Task brief —
Transcribe the data exactly, omitting whatever pictures it holds.

Information supplied —
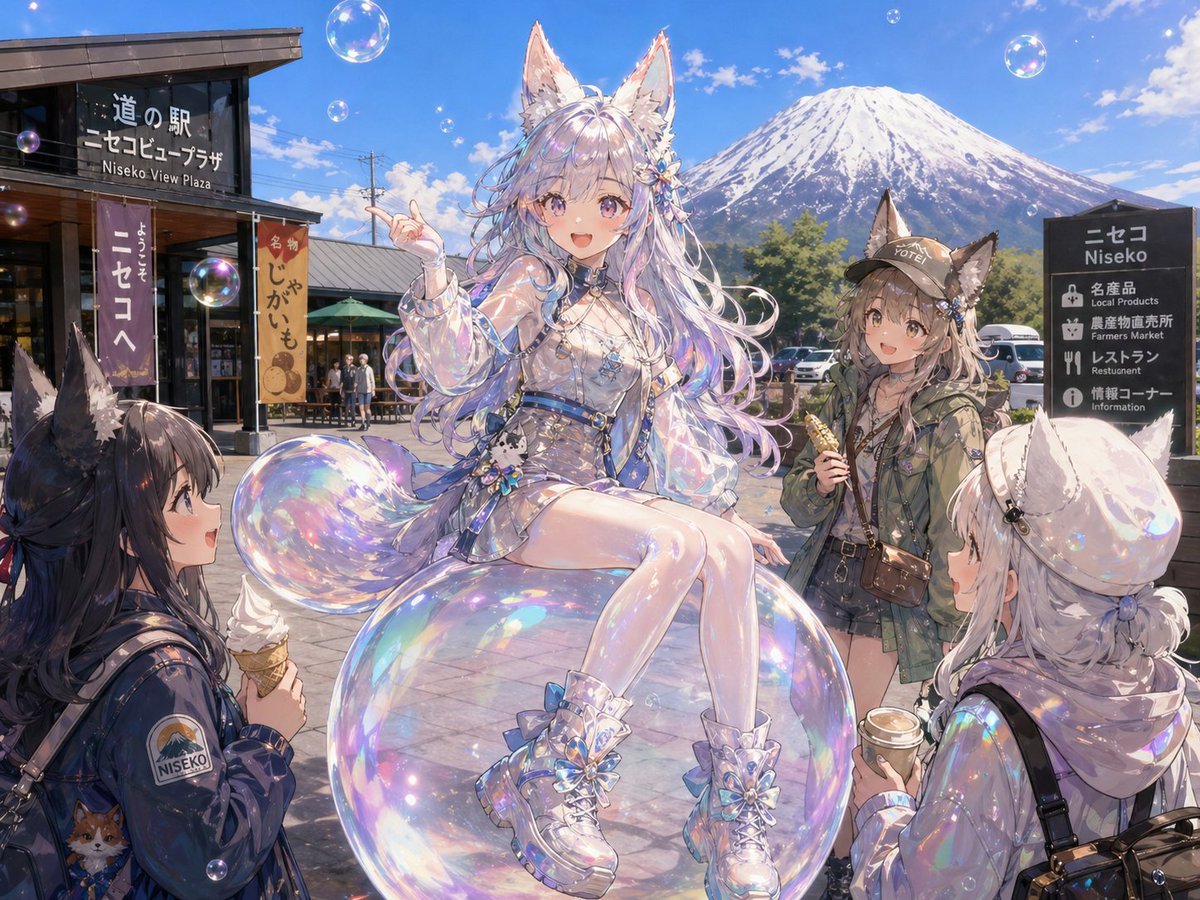 Anime Fox Girls Reunion at Niseko View Plaza — Sora 2 Prompt
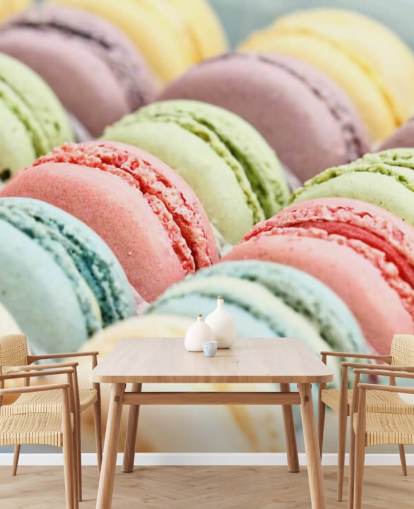 pastel coloured macarons wallpaper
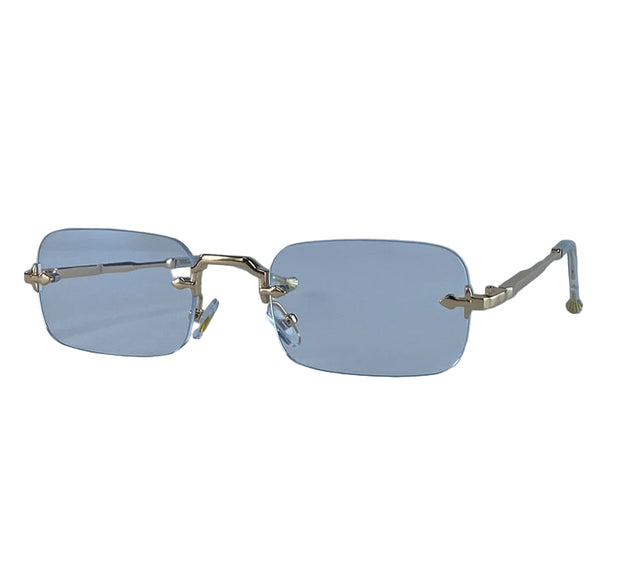 Small Frame Rimless Rectangle Sunglasses – 2025 Vintage Punk UV400 Shades for Men | Luxury Alloy Frame Gradient Eyewear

Task solution —
 Anime Fox Girls Reunion at Niseko View Plaza — Sora 2 Prompt
 pastel coloured macarons wallpaper
 Small Frame Rimless Rectangle Sunglasses – 2025 Vintage Punk UV400 Shades for Men | Luxury Alloy Frame Gradient Eyewear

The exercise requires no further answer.